A proposal to grant tax exemptions to investors who hold shares for at least 10 years has come under fire from within Belgium's ruling coalition.
Both the Christen-Democratisch en Vlaamse (CD&V) and Vooruit (Flemish Socialists) weighed in against the idea in parliament, following the leaking of plans drawn up by Finance Minister Jan Jambon (Nieuw-Vlaamse Alliantie (N-VA) that reportedly included the proposed exemptions.
The exemptions would make it “impossible to achieve the projected revenue of €500 million by 2029,” Budget Minister Vincent Van Peteghem (CD&V) said on Thursday on the VRT’s Villa Politica programme.
The wealthiest should pay up - CD&V
He indicated that his party would evaluate the plans based on three criteria: the wealthiest should contribute, small savers should be protected as much as possible, and there must be revenue of at least €500 million by 2029.
The Budget Minister warned that if the government wants to meet its revenue target, it would be “unwise” to include too many exemptions in the capital gains tax. “Each additional exemption allows those who can use loopholes or seek advice from tax professionals to avoid paying, while small savers cannot,” he explained.
An exemption for shares held longer than ten years would make it “impossible” to meet interim revenue goals as well as the €500 million target, Van Peteghem asserted.
Exemptions were not in the coalition agreement - Vooruit
Speaking on behalf of Vooruit, Achraf El Yakhloufi emphasised adherence to the government agreement, which does not include the ten-year exemption.
“It’s good to have a concrete proposal on the table to finalise the last modalities,” the Flemish Socialist legislator said in response to Prime Minister De Wever. "In Vooruit you’ll find a partner to work out those modalities according to the government agreement.”
“The agreement specifies that distinctions should be based only on substantial interest,” he added, in a reference to shareholders with at least a 20 % stake in a company.
Dieter Van Besien (Groen) commented that the capital gains tax appeared to be “significantly weakened,” allowing “the strongest shoulders to escape.”
The administration is not tapping available funds - PvdA
Workers Party (Pv/dA) leader Sofie Merckx said the government was a “demolition administration” that failed to tax where funds are available. “We constantly hear that the coffers are empty, yet €4 billion were found for Defence in the Easter agreement,” she remarked.

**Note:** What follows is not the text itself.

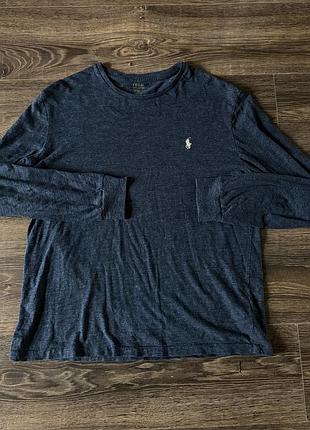 Лонгслів polo ralph lauren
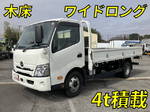 Dutro Flat Body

Vincent Van Quickenborne (Open VLD) stressed that working people would bear the tax burden. “The liberals blocked this tax for 25 years; we fought it together when in government,” he said, addressing the prime minister. “And now that we’re out of the government, you’re implementing it.”
Wouter Vermeersch of Vlaams Belang accused the government of creating fiscal uncertainty. “This drowns the confidence of those who work, innovate, save, and invest, especially among the Flemish,” he stated.
Prime Minister Bart De Wever (N-VA) did not address the issue during parliamentary question time. He dismissed the debate as “fictitious” since the government had not yet reached a consensus, so no draft bill was ready for discussion in Parliament.